DATASET EXCERPT.
◇ ◇ ◇ ◇ ◇ ◇ ◇

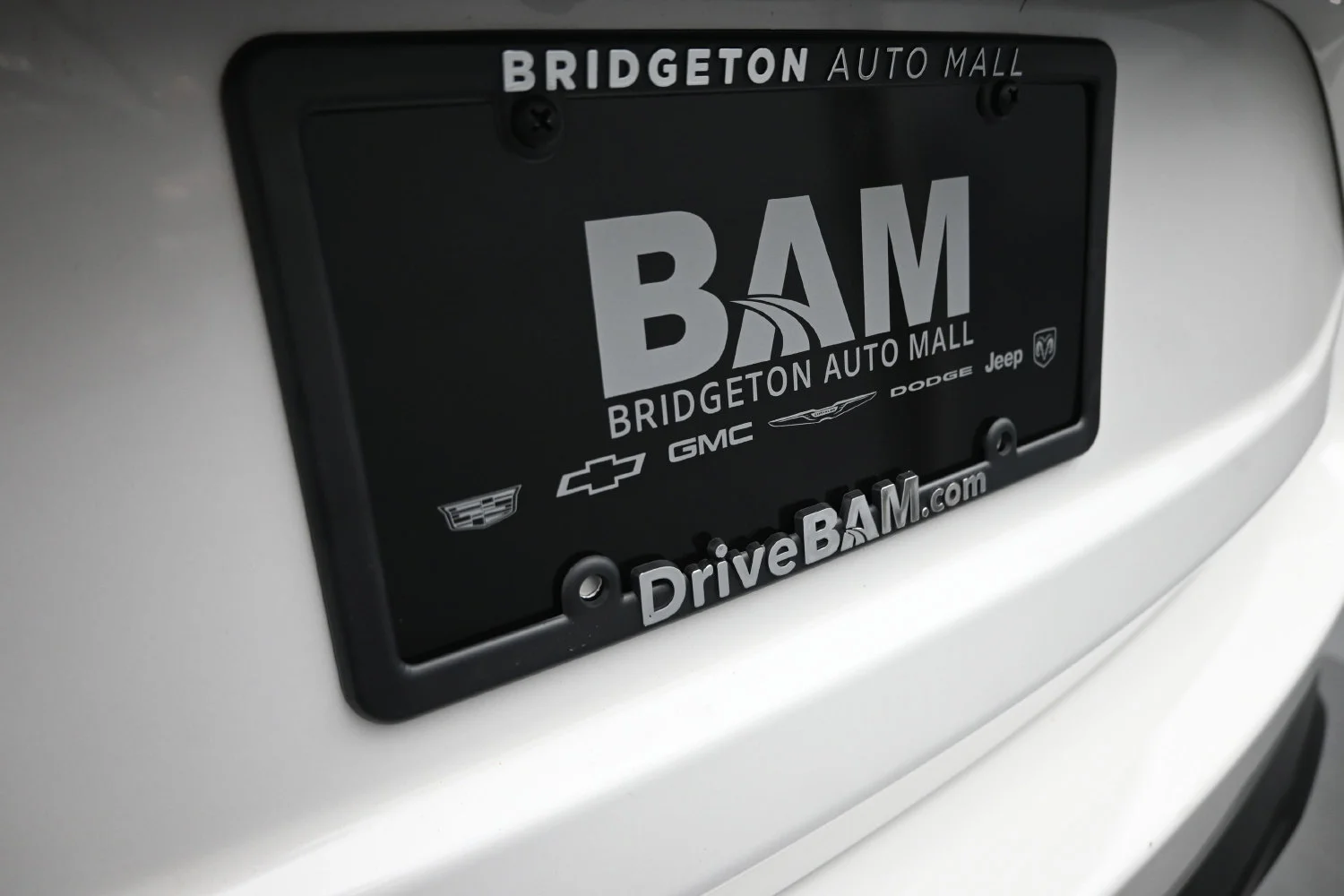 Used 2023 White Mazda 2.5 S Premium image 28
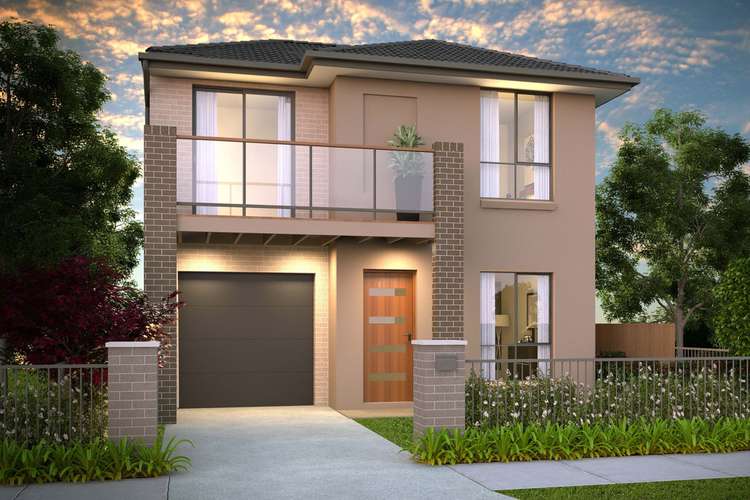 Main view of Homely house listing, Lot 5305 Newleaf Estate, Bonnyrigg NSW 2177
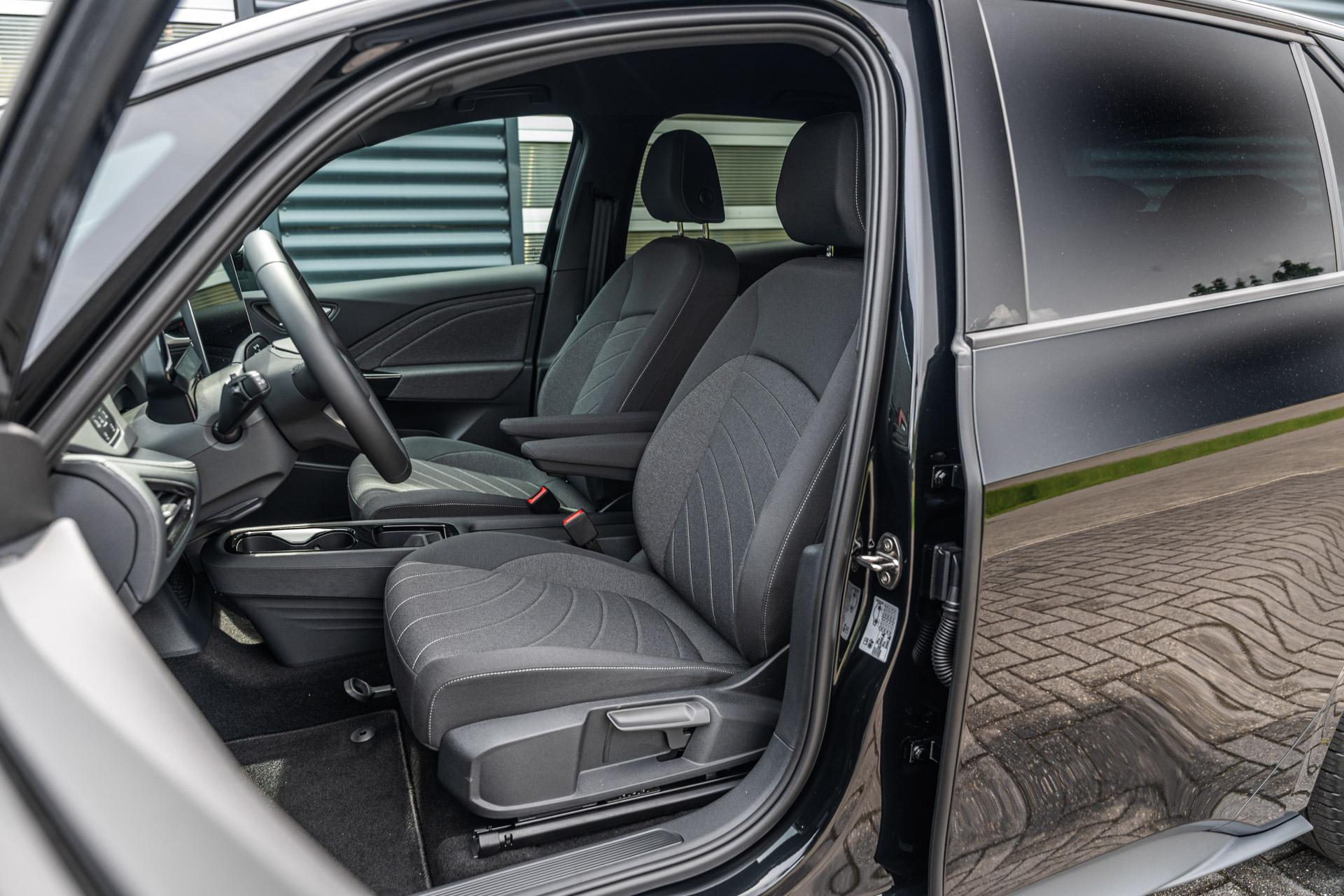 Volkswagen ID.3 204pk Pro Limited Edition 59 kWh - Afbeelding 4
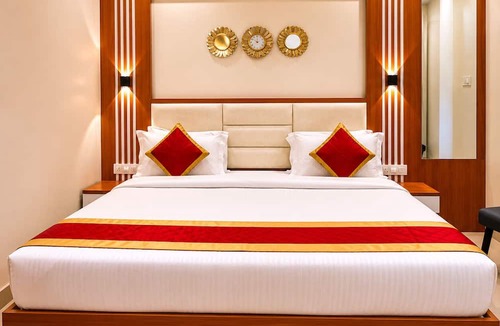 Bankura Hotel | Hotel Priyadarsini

◇ ◇ ◇ ◇ ◇ ◇ ◇

WORK INSTRUCTION. Each line from the one that contains "Main view of" to the end of the listing must be quoted exactly; no other line and no picture belongs in the copy.

ANSWER TO THIS TASK.
 Main view of Homely house listing, Lot 5305 Newleaf Estate, Bonnyrigg NSW 2177
 Volkswagen ID.3 204pk Pro Limited Edition 59 kWh - Afbeelding 4
 Bankura Hotel | Hotel Priyadarsini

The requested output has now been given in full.